U.S. SECURITIES AND EXCHANGE COMMISSION
Litigation Release No. 19341 / August 19, 2005
Accounting and Auditing Enforcement
Release No. 2293
Securities and Exchange Commission v. William M. Baker, et al., Civil Action No. 04-12444 DPW (D.Mass. November 18, 2004)
COMMISSION OBTAINS PERMANENT INJUNCTION AND PENALTY AGAINST FORMER GENERAL MANAGER OF BUSINESS UNIT OF NEW HAMPSHIRE TECHNOLOGY COMPANY
The Commission announced today that it had obtained an Order permanently enjoining William Baker, the former General Manager of the 2D Unit of the Acuity CiMatrix division of Robotic Vision Systems, Inc. ("Robotic"), from violating the antifraud and books and records provisions of the Securities Exchange Act of 1934. Baker consented to the final judgement without admitting or denying the allegations in the Commission's Complaint. The Commission had previously obtained judgments against four former employees of Robotic – former CFO, Frank D. Edwards, former Corporate Controller Laurence D. Cohen, former V.P. of Worldwide Sales Mark A. Tatkow, and Curtis W. Howes.
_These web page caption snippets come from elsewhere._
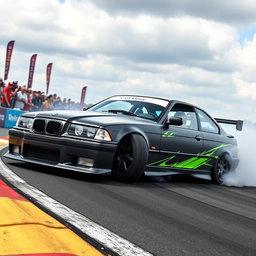 A customized BMW E36 TI designed for drifting, featuring a matte black paint job with vibrant neon green racing stripes, aggressive body kit including a front splitter and rear wing, wide-body stance, lowered suspension, and fitted with large, slick tires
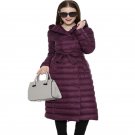New 2017 Winter Thin White Duck Down Coat Women Slim Long Sleeve Hooded Plus Size Warm Parkas Ultral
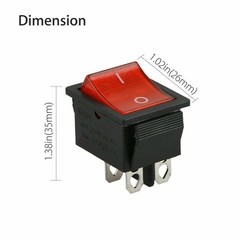 2X On/OFF Toggle Red Led Rocker Switch DPST 4 Pin Snap-In AC 16A/250V 20A/125V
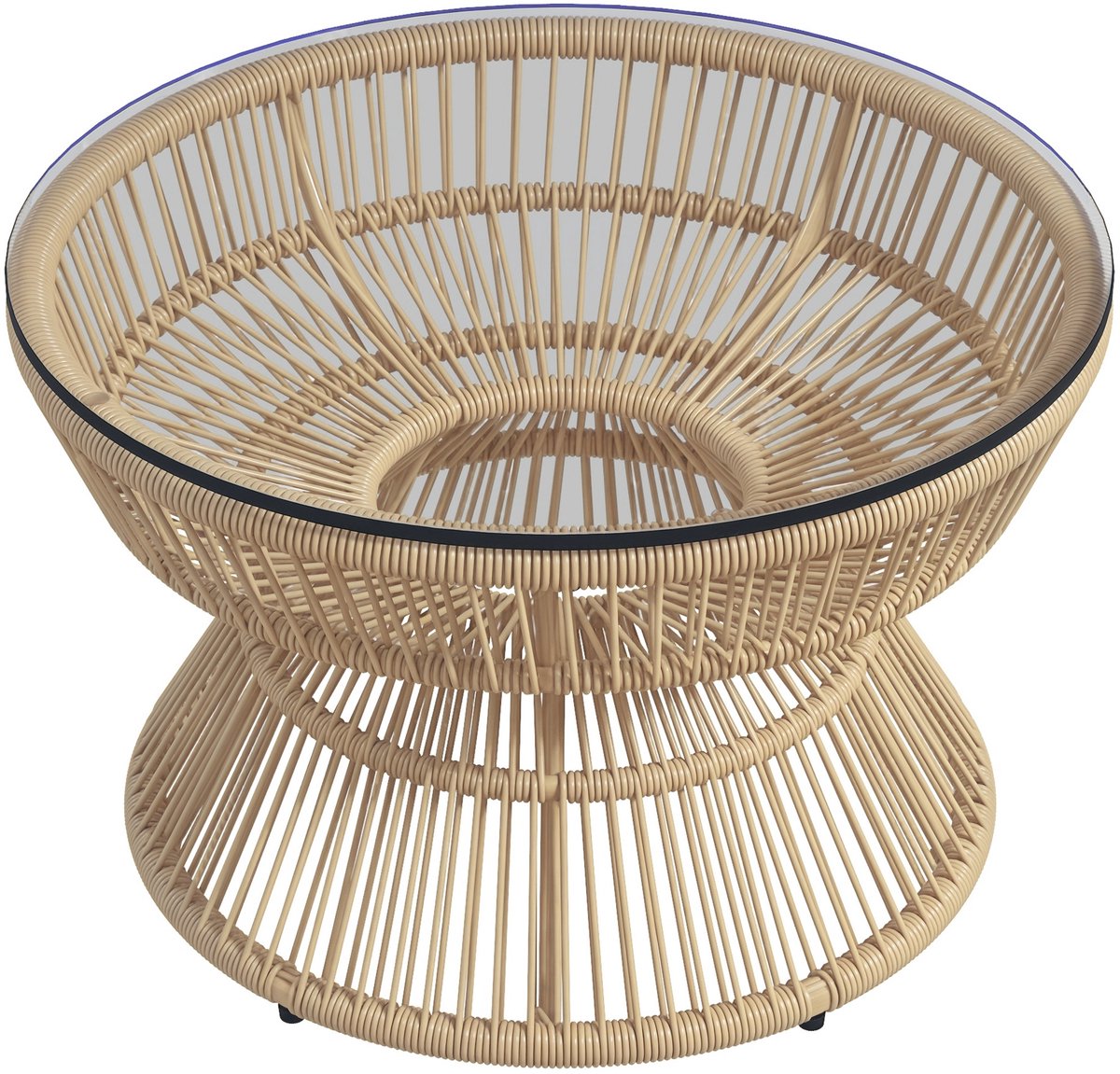 Outsunny Rattan Salontafel - Kunsthars - 60x60x37cm - Natuurlijk Hout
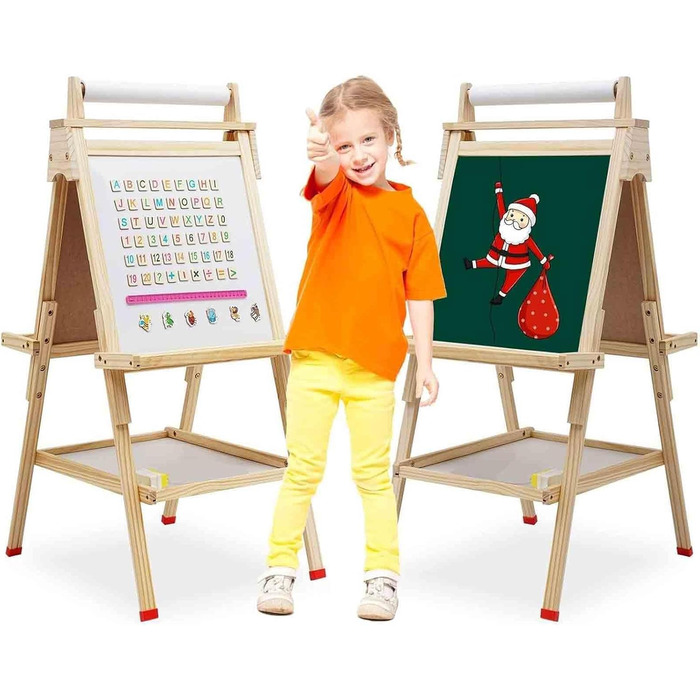 Дитячий двосторонній мольберт із рулоном паперу, whiteboard та грифельною дошкою, дерев'яний, регульований за висотою, бронзовий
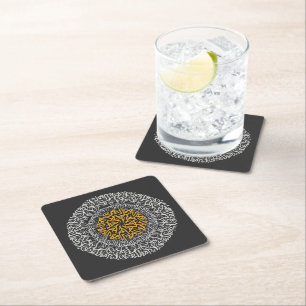 arabic letters 3d art block  square paper coaster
In its Complaint, the Commission alleged that during its fiscal year 2000, Robotic's ACIM division improperly recorded revenue from approximately 36 purported sales to distributors totaling approximately $4.73 million in order to meet its revenue and sales goals. According to the Complaint, between December 1999 and September 2000, ACIM negotiated numerous purported sales to its distributors and customers which contained non-standard terms that deferred, conditioned or even negated the distributors' obligations to pay for the ACIM products. Recognizing revenue from these transactions was contrary to generally accepted accounting principles ("GAAP").
According to the Complaint, Baker negotiated two of the improper transactions with ID Integration, Inc., one of Robotic's distributors. The improper transactions Baker negotiated, coupled with the other consignment transactions, resulted in Robotic materially overstating its revenue by 13.5% and its net income by 2.1% for fiscal year 2000. In his Consent to Final Judgement, Baker, without admitting or denying the allegations in the Complaint, agreed to pay a civil monetary penalty of $20,000, and be permanently enjoined from violating Sections 10(b) and 13(b)(5) of the Exchange Act and Rules 10b-5, 12b-20, 13a-1, and 13a-13 thereunder.
The Commission also previously instituted and settled cease-and-desist proceedings against Robotic, ID Integration, and the President of ID Integration, Gary Moe. In the Orders, which were consented to by Robotic, ID Integration and Moe without admitting or denying the allegations in the Orders, the Commission found that Robotic committed violations of the antifraud and other provisions of the federal securities laws, while ID Integration and Moe caused violations of the antifraud and other provisions of the federal securities laws.